(Exercise data Opens)
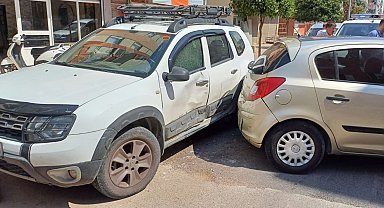 Dükkanın önüne park eden araca kızıp kendi aracıyla çarptı, 'Kaydırdım' diyerek özür diledi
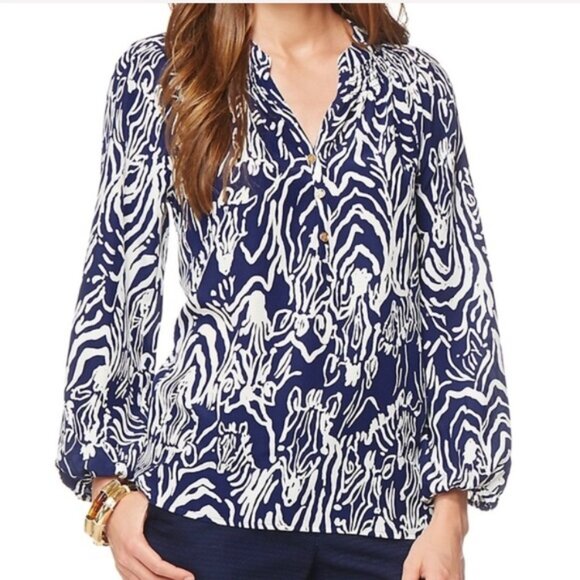 NWT Lilly Pulitzer Top Blouse Color: Navy Pattern: Entourage Size: M - Picture 1 of 5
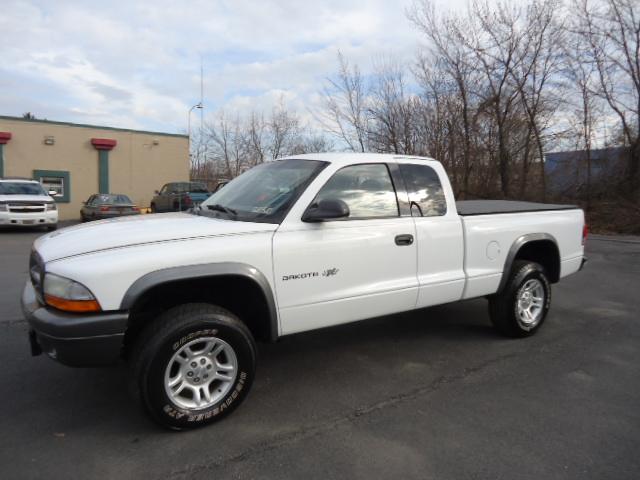 Dodge Dakota Base Pickup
(Exercise data Closes)
*Instructions to follow:*
All the lines above need to be repeated exactly, with no pictures carried over.

*Response for this exercise:*
 Dükkanın önüne park eden araca kızıp kendi aracıyla çarptı, 'Kaydırdım' diyerek özür diledi
 NWT Lilly Pulitzer Top Blouse Color: Navy Pattern: Entourage Size: M - Picture 1 of 5
 Dodge Dakota Base Pickup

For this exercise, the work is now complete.